Na cabeça de Gabriel vieram-lhe os caranguejos. Durante trovoadas goiamuns saem das tocas e entram facilmente nas armadilhas. As cinco “ratoeiras” feitas por ele, usando lata de azeite, deviam estar desarmadas, fechadas, com um baita goiamum preso. Dia seguinte, bem cedo, iria recolhê-las, pensava o menino. No início daquela tarde, como sempre fazia, Gabriel colocou cinco armadilhas em tocas de goiamum no sítio de coqueiros de Dona Sinhá, terra salobra, manguezal, celeiro de caranguejos, à margem do Riacho Salgadinho.

Raios e trovões continuavam. Da varanda onde os meninos saltitavam encharcados não se enxergava o horizonte da imensidão do mar. Naquele momento estacionou na porta do bangalô um Ford 1946, preto. Doutor Bernardo abriu a porta do carro e o guarda-chuva, correu em direção à casa atravessando o jardim. Ao chegar à varanda foi abraçado pelos três filhos encharcados. Feliz por estar em casa gritou recomendando à esposa:

– Isabel mande esses moleques trocarem de roupa, a chuvarada vai continuar, tenho medo de uma cheia igual à do ano passado.

Não foi preciso o pedido à Isabel, era como se fosse ordem direta aos filhos. Os três correram para seus quartos, tomaram banho, vestiram pijamas, retornaram à sala onde o pai balançava-se numa cadeira de palhinha ouvindo o noticiário da Rádio Difusora de Alagoas – ZYO4, sobre a chuva forte caindo em toda região de Maceió.

Na noite do temporal os meninos brincavam despreocupados. Antes do jantar, Dr. Bernardo pediu ao filho mais velho um grogue. Mário abriu o bar, colocou três dedos de conhaque Napoleón que o doutor tomou de uma talagada, engolindo o líquido que desceu ardendo goela abaixo. Pediu outro, precisava, havia se encharcado na chuvarada, comentou. Depois do jantar a família reunida ouvia as notícias pelo rádio, algumas barreiras caíram na periferia, ninguém sabia a previsão do tempo. O noticiário confirmou que foi o maior volume de água caída na cidade nos últimos anos. Eram nove e meia quando Isabel colocou os meninos para dormir.

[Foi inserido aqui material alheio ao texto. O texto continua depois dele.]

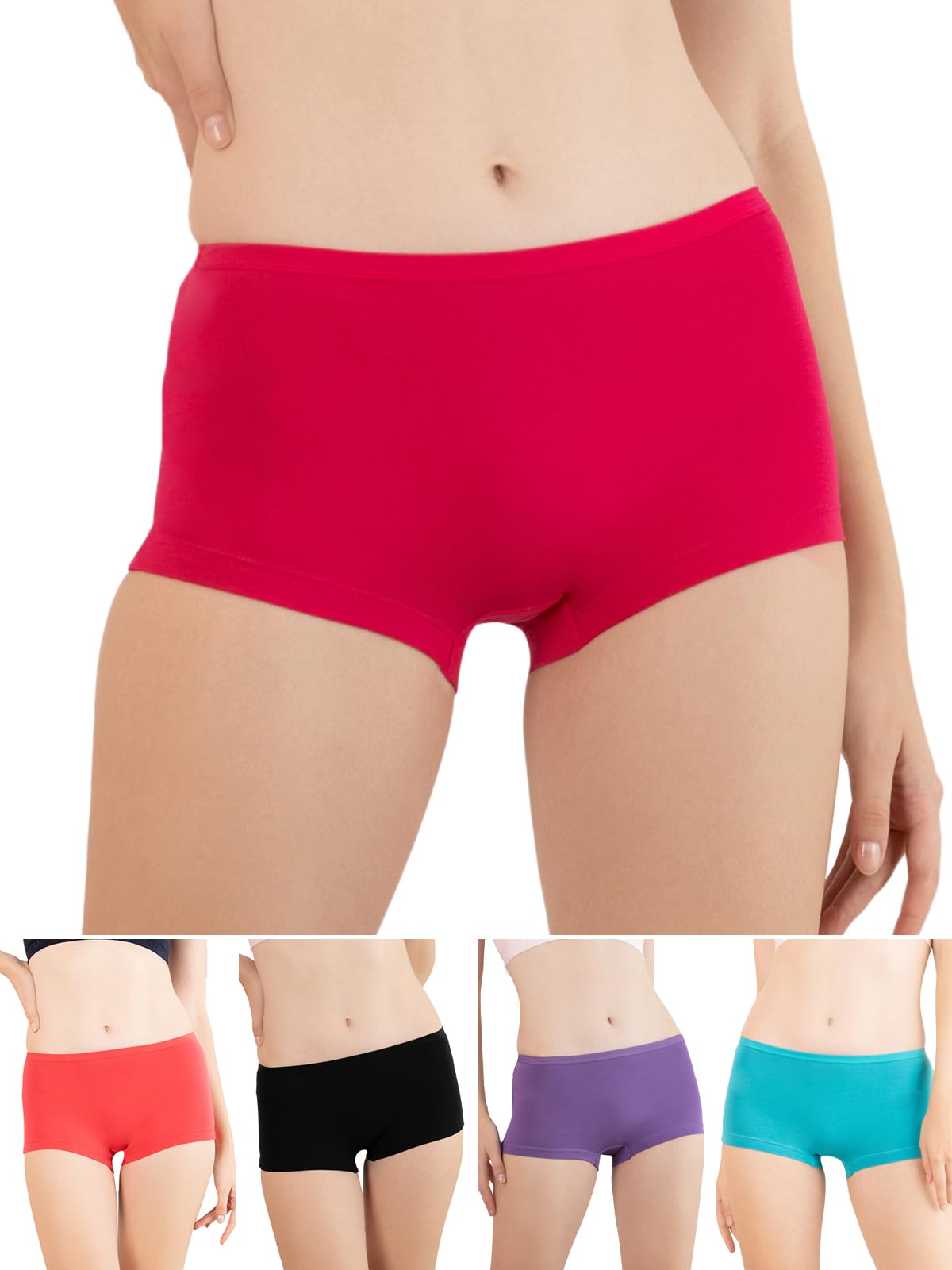 for Her Women's Boy Shorts Panty | High Coverage 100% Cotton Panty Set for Women |Mid Waist Boyleg Panty |Color May Vary | Pack of 5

Por volta das 10 horas da noite ouviu-se um estrondo contínuo, era barulho de água em movimento. Uma enxurrada em velocidade passava por perto. A tromba d’água descia desde o bairro do Tabuleiro dos Martins 15 quilômetros acima da região da orla e foi se avolumando, crescendo pelo bairro do Farol como uma onda desgovernada, atropelando o que encontrava pela frente. Virou carros e carroças, derrubou árvores. Quando a enxurrada desceu como uma cachoeira no bairro das Mangabeiras, desprendeu-se um enorme pedaço da encosta caindo por trás de mais de 20 casas. A barreira cobriu de terra e lama essas casas, muitas pessoas morreram soterradas.

A tromba d’água tomou o Vale do Riacho Salgadinho, cada vez mais volumosa, insustentável, levava o que havia no leito do riacho. Na foz, no desembocar do mar, a água chegou avassaladora quebrando ao meio a ponte de concreto da Avenida da Paz sobre o riacho, arrastou os dois blocos pesados da ponte à beira mar.

No vão onde havia a ponte sobre o Salgadinho, ficaram apenas os trilhos dos bondes pregados em seus dormentes. O tamanho da tragédia foi avaliado quando o dia amanheceu.